= Work required =
Your job is to print, exactly, the lines in the data below from the line with "A bohemian room" through the line with "Yellow dandelion", both included, and to omit any picture.

= Task input =
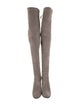 Stuart Weitzman Suede Boots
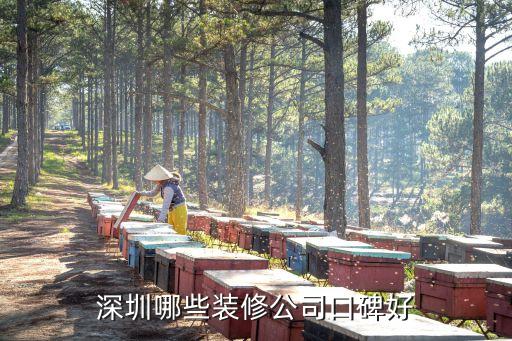 深圳哪些裝修公司口碑好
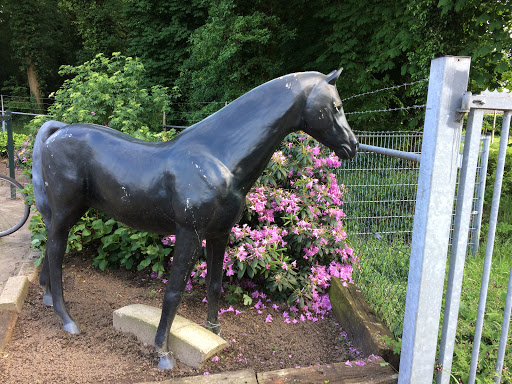 Paard Standbeeld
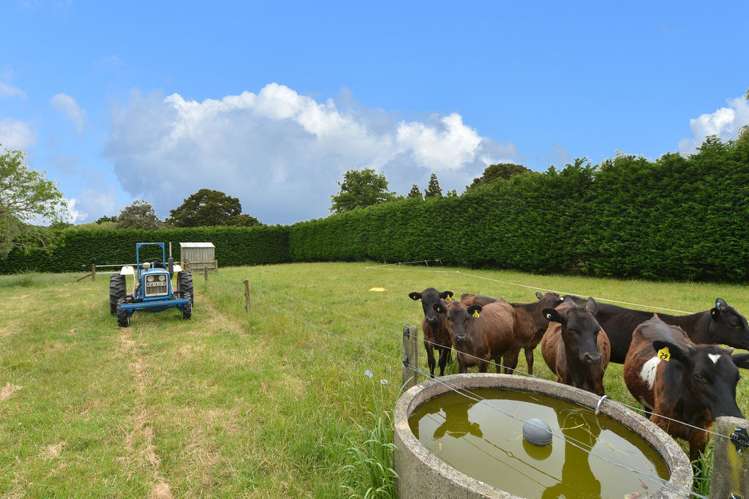 296 Cemetery Road Maunu_7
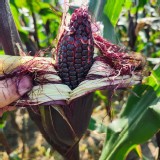 產銷班 無毒黑寶糯玉米1斤+無毒黑寶水果玉米1斤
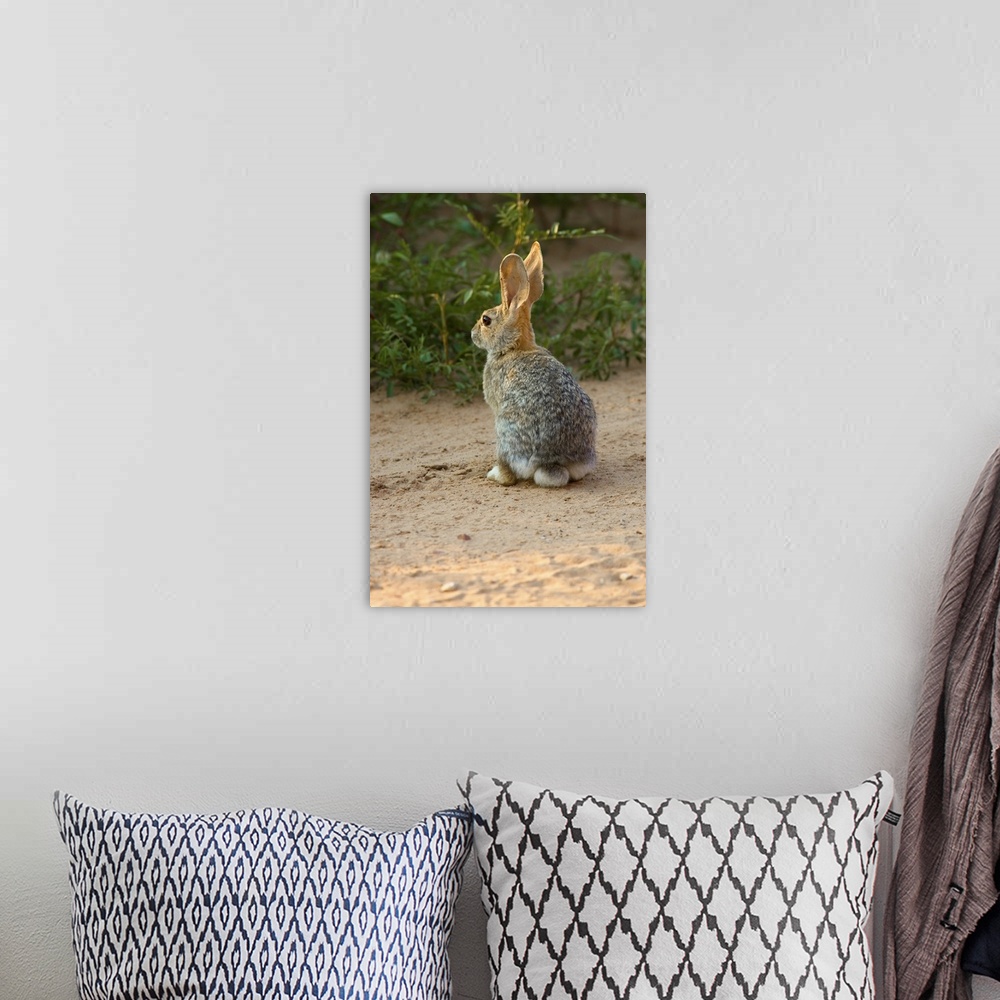 A bohemian room featuring Rear View Of Desert Cottontail Rabbit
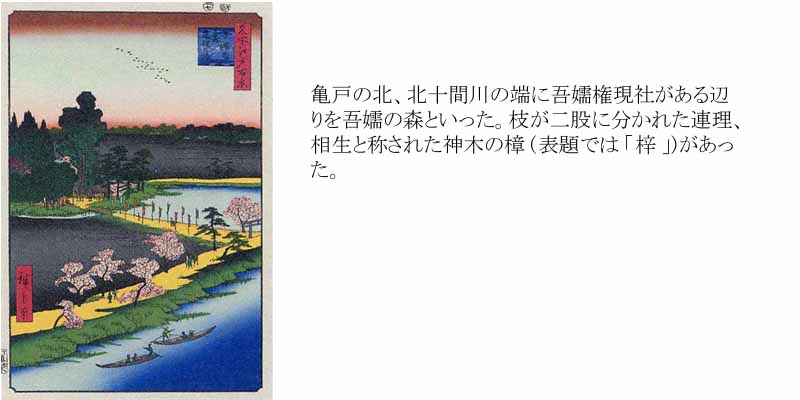 No 031 吾嬬の森連理の梓ー江戸百景 歌川広重 The Hiroshige 100 Famous Views of Edoー 芸艸堂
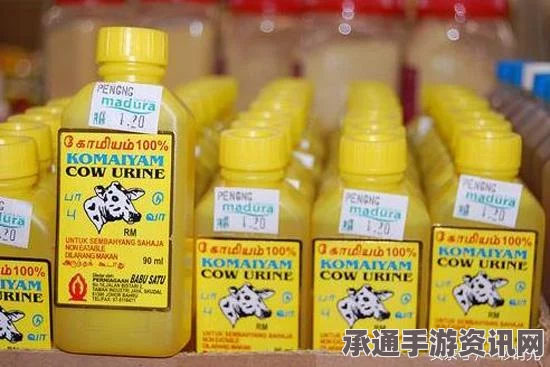 印度新德里治霾限行措施下的尾气减排挑战与应对策略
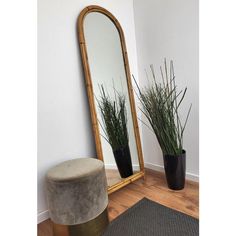 a mirror sitting on top of a wooden floor next to a plant potted in front of it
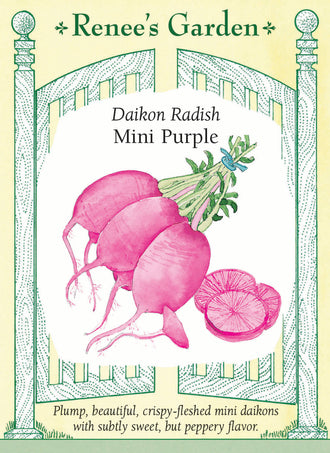 Visuel officiel de Renee's Garden pour les semences « Radis daïkon ‘Mini Purple’ », référence RN5545. Ce petit daïkon présente une peau violette et une chair marquée de violet au centre. Les racines rondes à allongées mesurent environ 8 à 13 cm (3 à 5 po), selon les conditions. Le semencier décrit une saveur légèrement douce et poivrée, qui s’adoucit à la cuisson.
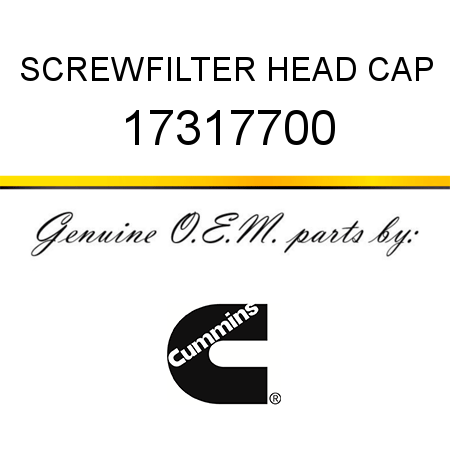 SCREW,FILTER HEAD CAP 17317700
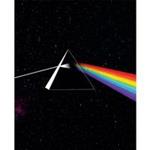 Dark Side of the Moon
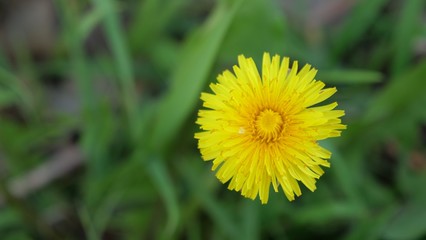 Yellow dandelion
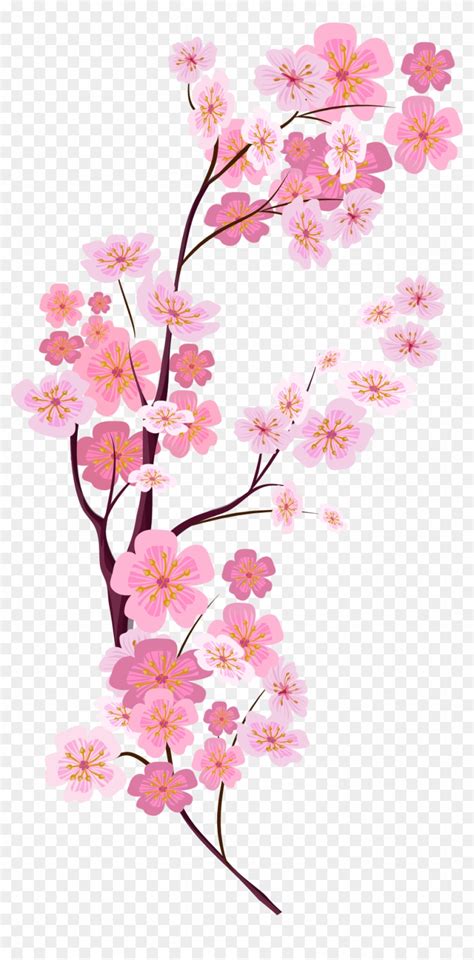 Cherry Blossom Euclidean Vector Cherry Blossom Vector Png Free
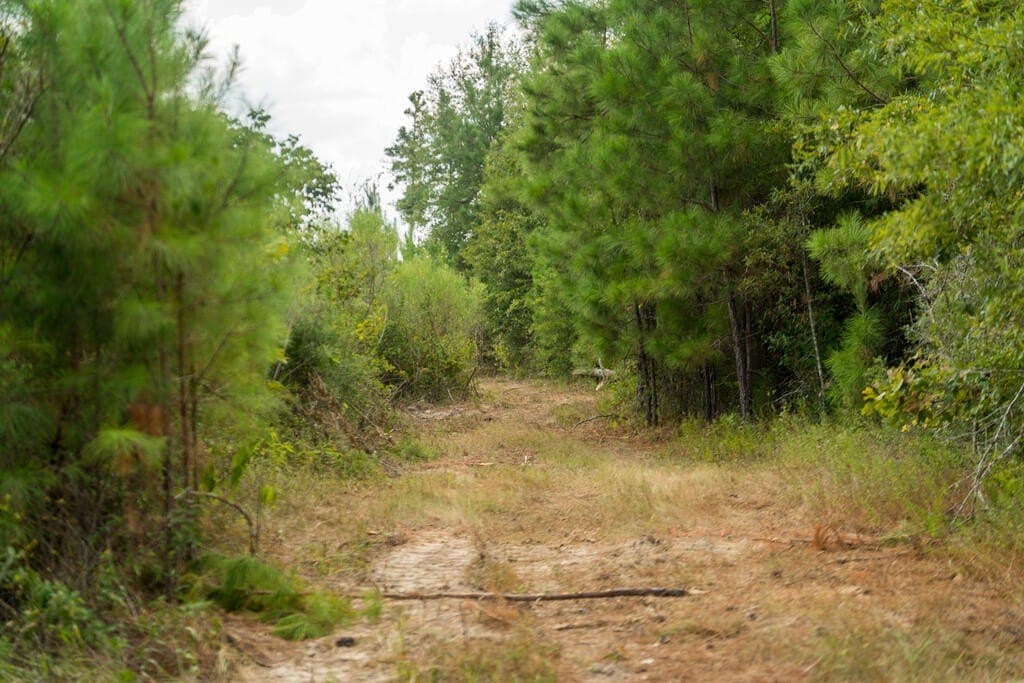 74.32 acres in Texas County - photo 14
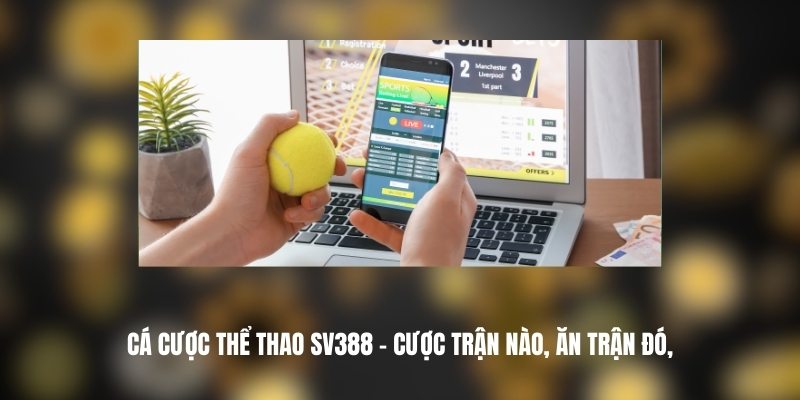 Khám phá sảnh thể thao SV388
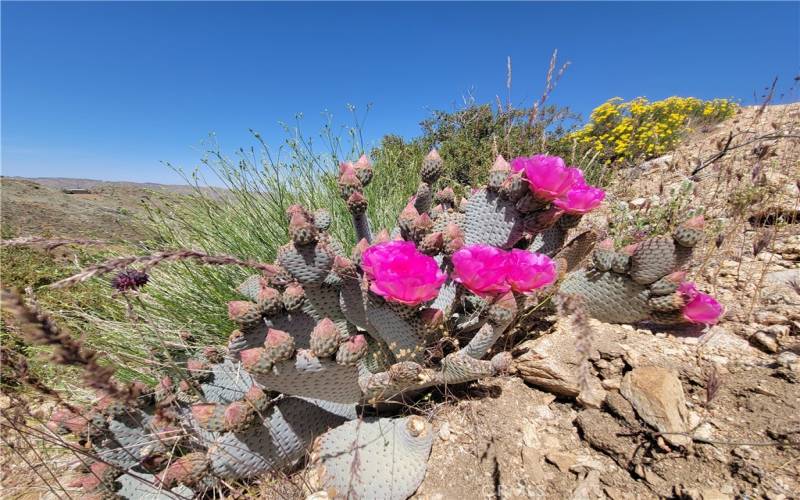 Native Beavertail in bloom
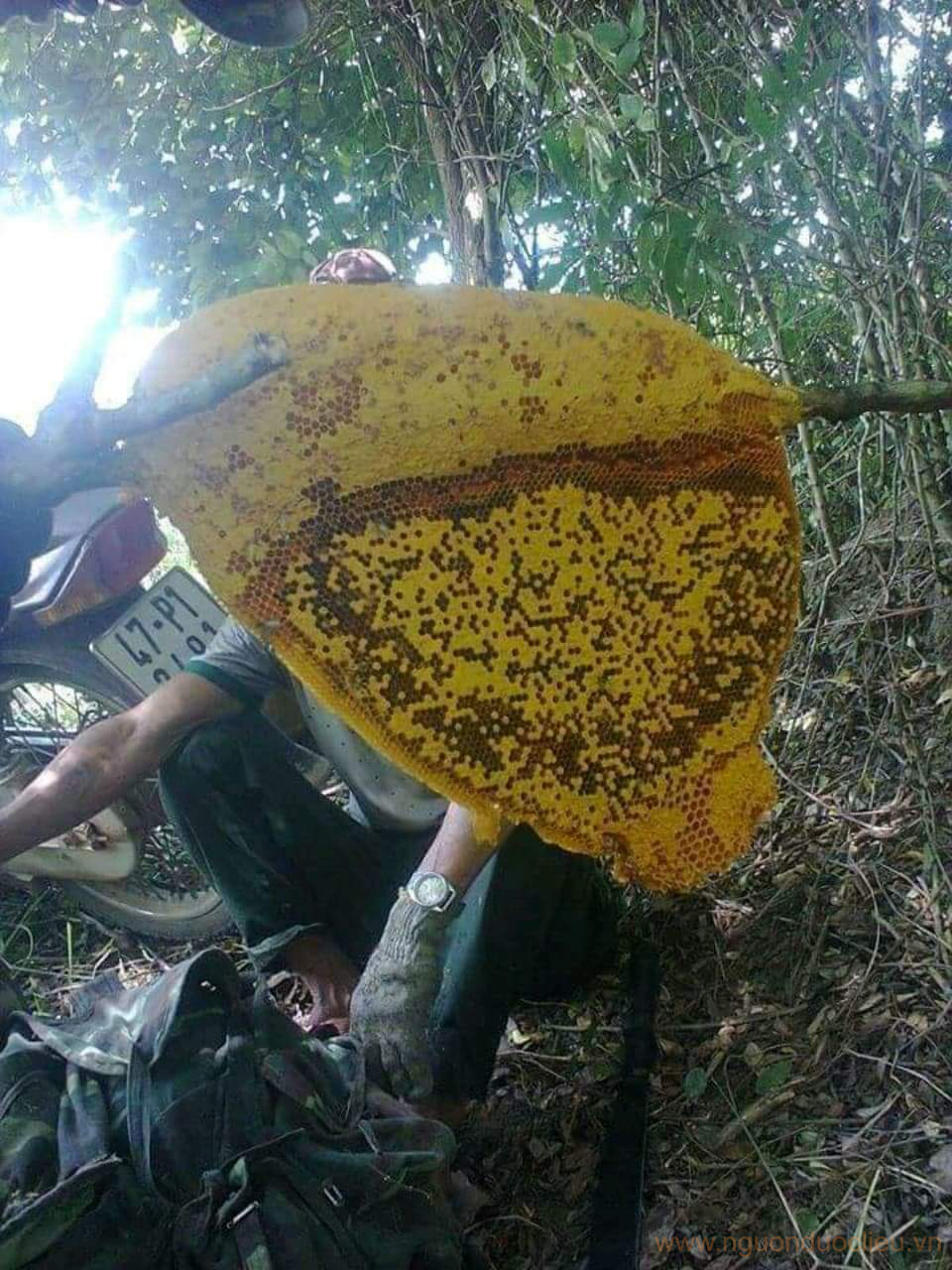 mật ong rừng nguyên tổ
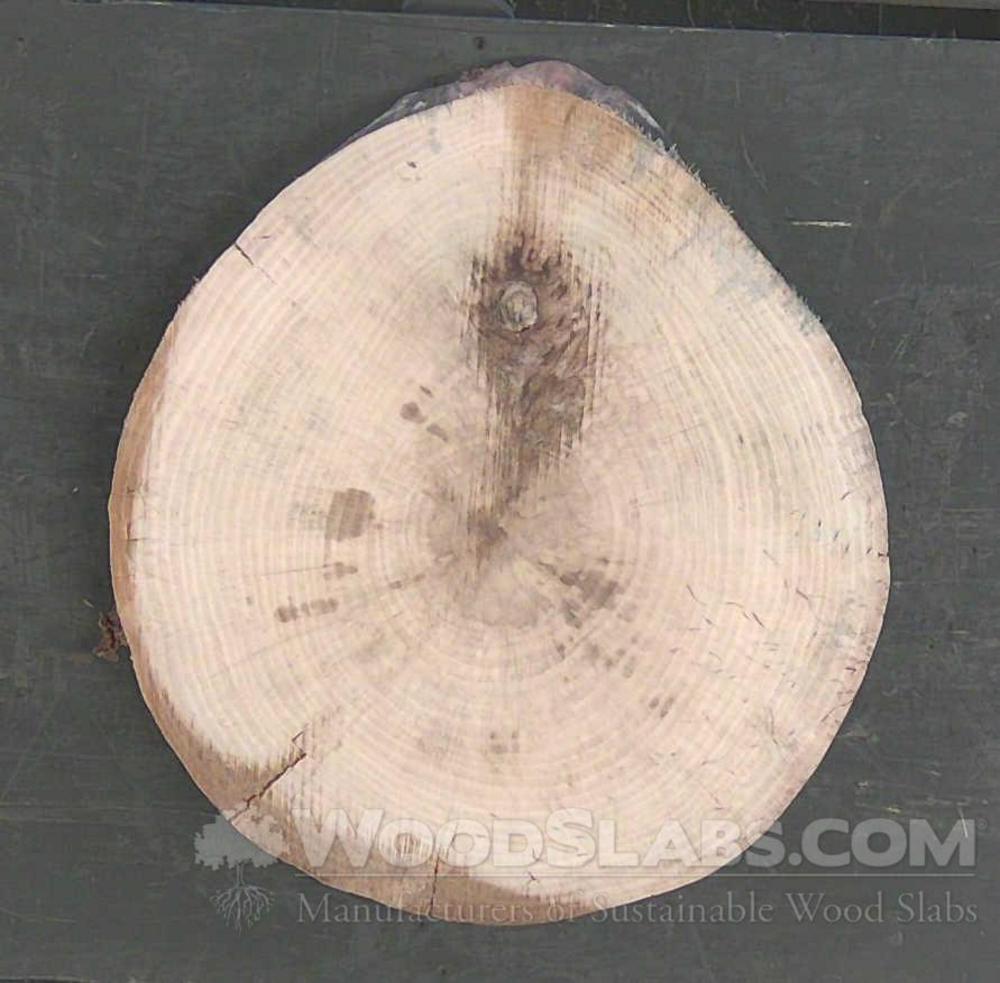 Norfolk Island Pine Wood Slab #NTS-CGC-4NKI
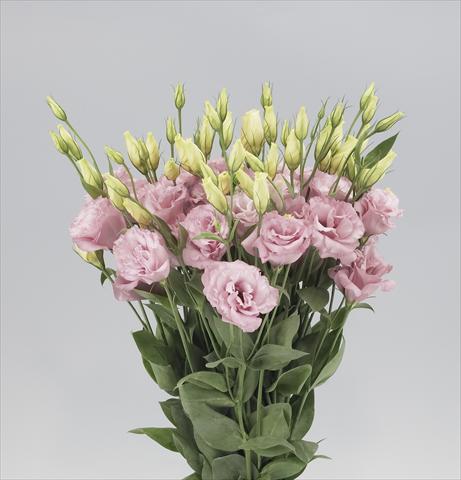 foto van een variëteit aan bloemen, te gebruiken als: Snijbloemen Lisianthus F.1 Magic Rose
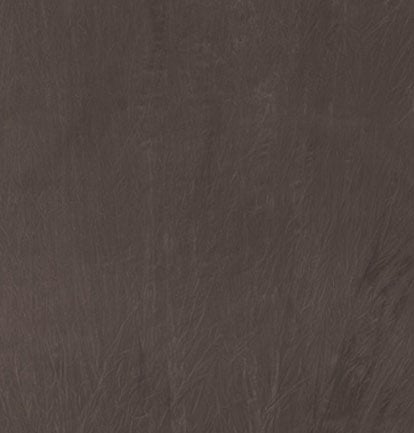 Background 10x12 Night Shadows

= Response to this task =
 A bohemian room featuring Rear View Of Desert Cottontail Rabbit
 No 031 吾嬬の森連理の梓ー江戸百景 歌川広重 The Hiroshige 100 Famous Views of Edoー 芸艸堂
 印度新德里治霾限行措施下的尾气减排挑战与应对策略
 a mirror sitting on top of a wooden floor next to a plant potted in front of it
 Visuel officiel de Renee's Garden pour les semences « Radis daïkon ‘Mini Purple’ », référence RN5545. Ce petit daïkon présente une peau violette et une chair marquée de violet au centre. Les racines rondes à allongées mesurent environ 8 à 13 cm (3 à 5 po), selon les conditions. Le semencier décrit une saveur légèrement douce et poivrée, qui s’adoucit à la cuisson.
 SCREW,FILTER HEAD CAP 17317700
 Dark Side of the Moon
 Yellow dandelion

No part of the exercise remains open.